Lol! I'll box it up now then :whistling:


----------



## Jungle Jack (Jul 28, 2009)

Hello,
This is a tough one as in a measurable parameters, the Onkyo's are comparable and competitive with all SSP's out there. Some have found the 2 Channel analog performance less than perfect, but this has been the main complaint.

Regardless, what matters is you are not pleased with it. In which case, I would recommend the Arcam.
This is truly an excellent SSP. Halcro is excellent, but last I looked they did not have a HDMI 1.3 SSP.
Cheers,
JJ


----------



## sub_crazy (Nov 17, 2007)

The Halcro SSP-200, 220 and 180 do accept multi-channel PCM so as long as your Blu-ray decodes DTS-HD and TrueHD internally then you get the same effect. I have to admit that once I got the upgrade to the Halcro I have never experienced a more dynamic presentation in ANY theater. It was the first time I actually feared for my multiple subwoofers even though it was extremely clean.

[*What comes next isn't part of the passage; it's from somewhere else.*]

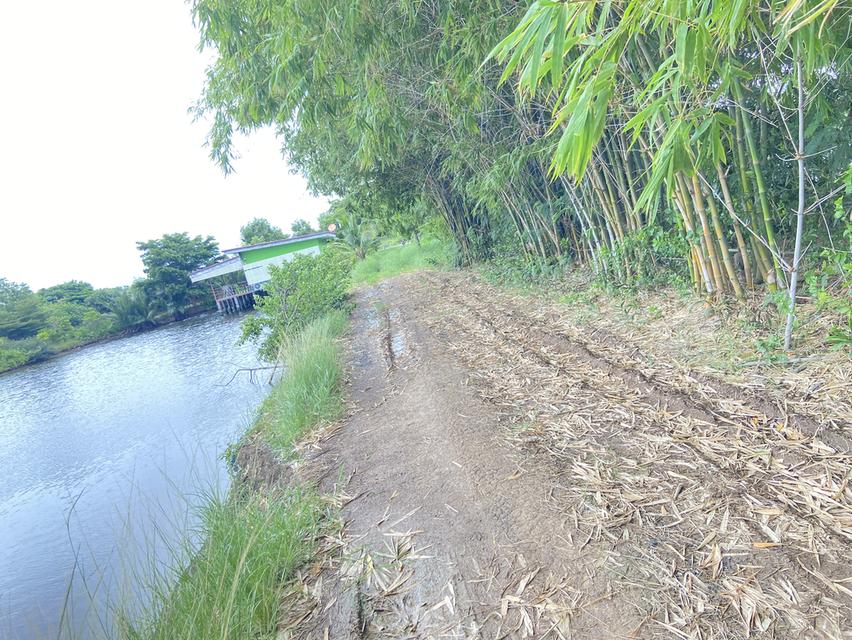 ขายที่50 ตรว. 300,000 4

I do hope Halcro does a major turn around as there pre-pro has to be heard to understand how good it is. The best soundstage of any pre-pro I have ever owned and with the lights off anyone would have a hard time pointing to were the speakers are located. There are better pre-pro's musically but nothing better for movies.

I have to stop talking about the Halcro, if not I might convince my-self to buy one again. Instead I will just wait for the set-up to arrive from recruit, sit back and enjoy:bigsmile:


----------



## Jungle Jack (Jul 28, 2009)

Hello,
If wanting the best, I would give a hard look at Denon's AVP-A1HDCI. It is a fully balanced design and is considered by many to be the best SSP currently available.
Cheers,
JJ


----------



## Jon Liu (May 21, 2007)

Just wanted to chime in here. I had the Integra DHC-9.9, the previous generation high-end pre/pro that was replaced by the 80.1. I went to the Denon AVP-A1HDCI and it was a pretty big jump in sound quality. Don't get me wrong, though, the Integra/Onkyos are great bargains and you get a lot more bang for your buck, but as JJ mentioned, the 2 channel audio was sorely lacking. I am so glad that I made the switch. If you have the funds to step up to the AVP or the Arcam or Classe, I'd say it'll be worth it in the long run!


----------



## sub_crazy (Nov 17, 2007)

I did consider the Denon and a lot of people who replaced the Halcro with it are happy. The 2 Denon owners I know though who replaced there Halcro's admitted that the Halcro still sounded better, the Denon was just 10 times more reliable. My dealer who carries both Halcro and Denon also said the Halcro is still the best sounding.

I am wondering if Denon will replace the AVP also since HDMI 1.4 will be in there new Blu-Ray/receiver due out this year. 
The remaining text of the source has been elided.